Consequently, despite an armada of robotic craft that planetary scientists have sent to Mars, Venus, Saturn, and Jupiter, Mercury has had only one visitor: the Mariner 10 spacecraft, which executed three quick flybys in 1974 and 1975.

Now it's Messenger's turn to get a look at Mercury. The craft is part of the Discovery program of fast, relatively cheap National Aeronautics & Space Administration missions. It sports recently developed protective technologies, such as sun shades of ceramic cloth and solar panels that work at high temperature.

"The science has been compelling for 20 years, but the mission became technologically feasible in the '90s," says Sean C. Solomon, planetary scientist at the Carnegie Institution of Washington (CIW), in Washington, D.C., and the mission's principal investigator.
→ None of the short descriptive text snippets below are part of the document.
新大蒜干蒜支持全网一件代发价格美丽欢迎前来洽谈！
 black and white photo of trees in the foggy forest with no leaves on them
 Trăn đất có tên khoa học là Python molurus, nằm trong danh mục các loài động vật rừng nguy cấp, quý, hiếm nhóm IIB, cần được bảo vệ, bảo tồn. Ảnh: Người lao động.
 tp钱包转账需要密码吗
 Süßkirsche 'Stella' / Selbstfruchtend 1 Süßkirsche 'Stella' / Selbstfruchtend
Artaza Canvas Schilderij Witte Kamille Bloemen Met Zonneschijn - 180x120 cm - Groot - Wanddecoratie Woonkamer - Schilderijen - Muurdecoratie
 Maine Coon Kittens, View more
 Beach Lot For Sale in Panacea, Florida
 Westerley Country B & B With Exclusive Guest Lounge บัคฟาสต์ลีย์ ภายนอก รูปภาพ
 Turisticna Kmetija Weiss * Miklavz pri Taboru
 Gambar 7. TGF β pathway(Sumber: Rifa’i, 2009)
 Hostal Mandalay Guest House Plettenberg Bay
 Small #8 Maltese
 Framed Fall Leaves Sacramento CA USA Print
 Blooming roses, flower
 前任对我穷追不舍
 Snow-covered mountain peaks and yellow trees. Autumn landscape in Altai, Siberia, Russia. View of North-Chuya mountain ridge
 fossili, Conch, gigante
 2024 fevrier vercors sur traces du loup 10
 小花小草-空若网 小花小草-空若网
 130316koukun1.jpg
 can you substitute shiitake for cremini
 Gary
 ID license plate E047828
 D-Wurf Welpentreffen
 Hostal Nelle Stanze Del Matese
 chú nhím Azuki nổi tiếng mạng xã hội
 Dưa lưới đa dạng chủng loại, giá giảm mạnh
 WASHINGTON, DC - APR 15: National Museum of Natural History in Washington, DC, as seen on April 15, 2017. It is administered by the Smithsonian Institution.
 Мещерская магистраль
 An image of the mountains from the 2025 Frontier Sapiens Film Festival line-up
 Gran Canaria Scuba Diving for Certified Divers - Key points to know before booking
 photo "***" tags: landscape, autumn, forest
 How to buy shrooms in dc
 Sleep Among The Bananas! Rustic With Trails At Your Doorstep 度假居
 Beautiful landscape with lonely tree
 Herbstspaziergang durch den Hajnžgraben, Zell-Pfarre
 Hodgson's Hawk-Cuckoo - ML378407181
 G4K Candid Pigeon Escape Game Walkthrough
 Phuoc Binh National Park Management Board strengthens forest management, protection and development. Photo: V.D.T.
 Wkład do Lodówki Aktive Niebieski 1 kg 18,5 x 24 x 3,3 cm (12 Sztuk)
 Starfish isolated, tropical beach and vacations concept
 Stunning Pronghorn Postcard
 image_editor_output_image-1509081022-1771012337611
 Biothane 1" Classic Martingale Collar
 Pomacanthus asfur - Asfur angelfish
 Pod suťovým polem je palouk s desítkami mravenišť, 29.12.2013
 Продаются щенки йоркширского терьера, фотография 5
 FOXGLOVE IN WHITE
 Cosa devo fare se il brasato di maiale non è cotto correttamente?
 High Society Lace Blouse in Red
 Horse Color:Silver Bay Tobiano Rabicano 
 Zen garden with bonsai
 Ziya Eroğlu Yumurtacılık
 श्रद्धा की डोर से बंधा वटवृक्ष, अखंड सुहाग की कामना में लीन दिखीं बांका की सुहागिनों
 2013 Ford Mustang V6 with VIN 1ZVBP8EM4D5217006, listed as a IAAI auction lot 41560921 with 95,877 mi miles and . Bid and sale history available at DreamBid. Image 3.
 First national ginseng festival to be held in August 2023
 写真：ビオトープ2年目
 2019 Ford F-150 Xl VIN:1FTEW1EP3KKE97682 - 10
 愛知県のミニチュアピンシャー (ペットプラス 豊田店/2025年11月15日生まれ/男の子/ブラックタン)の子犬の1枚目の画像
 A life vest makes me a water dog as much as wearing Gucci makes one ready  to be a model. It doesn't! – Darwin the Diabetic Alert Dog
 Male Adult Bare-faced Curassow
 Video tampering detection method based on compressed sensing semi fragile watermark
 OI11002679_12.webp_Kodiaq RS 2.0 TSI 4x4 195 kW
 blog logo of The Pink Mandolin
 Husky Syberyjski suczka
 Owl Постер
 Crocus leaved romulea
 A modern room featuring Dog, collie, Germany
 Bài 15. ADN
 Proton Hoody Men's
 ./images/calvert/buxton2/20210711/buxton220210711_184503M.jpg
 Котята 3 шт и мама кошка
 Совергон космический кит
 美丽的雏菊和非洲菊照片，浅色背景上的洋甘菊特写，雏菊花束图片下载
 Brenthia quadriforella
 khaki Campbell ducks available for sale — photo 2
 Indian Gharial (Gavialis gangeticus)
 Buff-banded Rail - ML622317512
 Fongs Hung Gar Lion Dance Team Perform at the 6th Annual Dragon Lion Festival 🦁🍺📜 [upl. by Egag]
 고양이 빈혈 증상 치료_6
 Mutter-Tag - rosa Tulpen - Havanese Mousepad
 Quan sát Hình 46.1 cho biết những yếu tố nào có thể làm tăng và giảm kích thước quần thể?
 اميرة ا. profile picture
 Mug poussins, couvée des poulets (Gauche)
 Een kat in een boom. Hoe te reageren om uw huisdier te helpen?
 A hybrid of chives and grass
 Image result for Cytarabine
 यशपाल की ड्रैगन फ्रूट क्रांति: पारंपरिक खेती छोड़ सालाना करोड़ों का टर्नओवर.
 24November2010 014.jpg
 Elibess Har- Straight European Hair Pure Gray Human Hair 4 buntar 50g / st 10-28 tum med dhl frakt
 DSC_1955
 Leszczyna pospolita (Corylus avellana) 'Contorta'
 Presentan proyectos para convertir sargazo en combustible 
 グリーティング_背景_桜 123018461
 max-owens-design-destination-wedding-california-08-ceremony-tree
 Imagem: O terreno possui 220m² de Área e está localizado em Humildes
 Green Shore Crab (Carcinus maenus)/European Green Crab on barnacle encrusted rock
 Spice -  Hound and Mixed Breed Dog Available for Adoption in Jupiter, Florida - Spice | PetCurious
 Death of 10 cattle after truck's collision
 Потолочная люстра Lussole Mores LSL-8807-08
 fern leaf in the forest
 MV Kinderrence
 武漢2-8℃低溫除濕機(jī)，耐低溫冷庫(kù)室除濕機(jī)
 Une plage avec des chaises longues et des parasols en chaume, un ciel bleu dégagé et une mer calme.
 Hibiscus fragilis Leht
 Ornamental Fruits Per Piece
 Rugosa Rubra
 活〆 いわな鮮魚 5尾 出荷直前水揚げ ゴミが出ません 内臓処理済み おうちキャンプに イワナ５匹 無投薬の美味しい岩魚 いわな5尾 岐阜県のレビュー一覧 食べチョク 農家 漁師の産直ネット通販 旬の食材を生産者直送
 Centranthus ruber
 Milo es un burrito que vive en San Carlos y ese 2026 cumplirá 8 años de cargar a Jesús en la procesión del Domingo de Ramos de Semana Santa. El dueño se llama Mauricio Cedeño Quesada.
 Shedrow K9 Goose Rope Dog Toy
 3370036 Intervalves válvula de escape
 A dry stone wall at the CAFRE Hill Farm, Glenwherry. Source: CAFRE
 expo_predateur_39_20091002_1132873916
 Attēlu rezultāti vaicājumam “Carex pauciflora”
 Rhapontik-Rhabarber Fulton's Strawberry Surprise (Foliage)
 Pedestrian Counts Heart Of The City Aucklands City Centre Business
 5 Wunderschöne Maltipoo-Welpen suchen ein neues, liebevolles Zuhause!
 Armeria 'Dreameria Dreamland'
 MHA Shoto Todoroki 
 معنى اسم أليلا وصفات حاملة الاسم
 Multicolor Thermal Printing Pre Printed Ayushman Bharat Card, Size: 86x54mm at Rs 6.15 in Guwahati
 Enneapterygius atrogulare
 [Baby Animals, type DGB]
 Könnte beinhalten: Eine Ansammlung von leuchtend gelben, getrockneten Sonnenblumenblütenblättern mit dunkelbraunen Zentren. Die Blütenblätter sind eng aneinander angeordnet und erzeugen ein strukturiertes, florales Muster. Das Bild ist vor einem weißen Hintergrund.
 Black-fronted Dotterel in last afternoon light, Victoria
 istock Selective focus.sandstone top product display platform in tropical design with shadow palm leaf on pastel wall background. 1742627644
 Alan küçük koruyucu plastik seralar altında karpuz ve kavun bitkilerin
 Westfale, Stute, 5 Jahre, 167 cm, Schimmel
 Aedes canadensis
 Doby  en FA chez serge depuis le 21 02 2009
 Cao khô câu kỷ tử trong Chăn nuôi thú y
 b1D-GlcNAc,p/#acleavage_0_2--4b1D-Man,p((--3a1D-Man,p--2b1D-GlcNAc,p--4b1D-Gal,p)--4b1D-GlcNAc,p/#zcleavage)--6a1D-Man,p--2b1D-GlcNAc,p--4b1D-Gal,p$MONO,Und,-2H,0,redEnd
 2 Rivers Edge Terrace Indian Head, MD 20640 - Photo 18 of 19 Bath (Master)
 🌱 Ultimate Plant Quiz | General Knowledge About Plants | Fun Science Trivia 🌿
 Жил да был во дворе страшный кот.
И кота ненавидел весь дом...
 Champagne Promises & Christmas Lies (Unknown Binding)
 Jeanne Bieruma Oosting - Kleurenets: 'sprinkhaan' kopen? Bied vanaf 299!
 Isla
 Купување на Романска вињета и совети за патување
A collaboration between NASA, Johns Hopkins University, and CIW, Messenger (which stands for MErcury Surface, Space ENvironment, GEochemistry, and Ranging) was launched in 2004 and is now in the midst of executing a lengthy and complex series of planetary flybys, including two more of Mercury in the next few years for gravitational assists before finally settling into a stable orbit in 2011.

At a recent press conference, scientists released images from the first flyby, including photos of the never-before-seen side of Mercury, deep craters in the planet's surface, and a giant crater beset with radial cracks dubbed the "spider."

Soon to come from that same flyby are results from Messenger's spectrometers, which study the chemistry of Mercury's surface and atmosphere. They are scheduled to be announced in a series of 23 talks presented on the first day of the 39th Lunar & Planetary Science Conference in League City, Texas, in mid-March.

Scientists are keeping mum about the information until they finish their analyses, but planetary scientist Ann L. Sprague, a Messenger mission team member at the University of Arizona, Tucson's Lunar & Planetary Laboratory and author of the book "Exploring Mercury: The Iron Planet," says the new data are "very exciting."

Messenger promises to help answer a number of questions. From the Mariner 10 flybys, scientists learned that Mercury has a magnetic field likely produced by a liquid outer core, but the source of the liquidity remains a mystery. Sulfur, or even oxygen, could allow this portion of the core to stay liquid or mushy, Sprague says.

LIKE EARTH, Mars, and Venus, Mercury is a rocky planet. Though it has only 5% the mass of Earth, it's denser than every other planet including Earth, if you take into consideration the smaller gravity of Mercury. Mercury's surface is made of the same groups of silicate minerals found on Earth, Earth's moon, and Mars, such as olivine, feldspar, and pyroxene. But although Mercury's silicate minerals have the same crystalline frameworks as Earth's, Mars's, and Venus' minerals, their chemical compositions are different, Sprague says.

For example, very little iron appears to be in the lattice structure of Mercury's olivine and pyroxene, whereas iron constitutes up to 20% of the same minerals on Earth. Perhaps Mercury's iron is sequestered in its core or is removed from the surface by weathering processes.

Mercury's very thin atmosphere consists of a dilute collection of potassium, calcium, hydrogen, helium, and sodium atoms that escape into space but are continuously replenished as the surface evaporates or as the surface is hit by solar wind particles or meteorites.

Messenger will also look for ice, perhaps deposited by comets, which might occur as dust-covered ice patches protected within craters that never see the sun.

The interest in Mercury isn't a flash in the pan. The European Space Agency and Japan Aerospace Exploration Agency are following up with a joint mission to Mercury scheduled for launch in 2013. Named BepiColombo after the Italian astronomer Giuseppe (Bepi) Colombo, the mission's two spacecraft—planetary and magnetospheric mappers—will begin orbiting Mercury in 2019.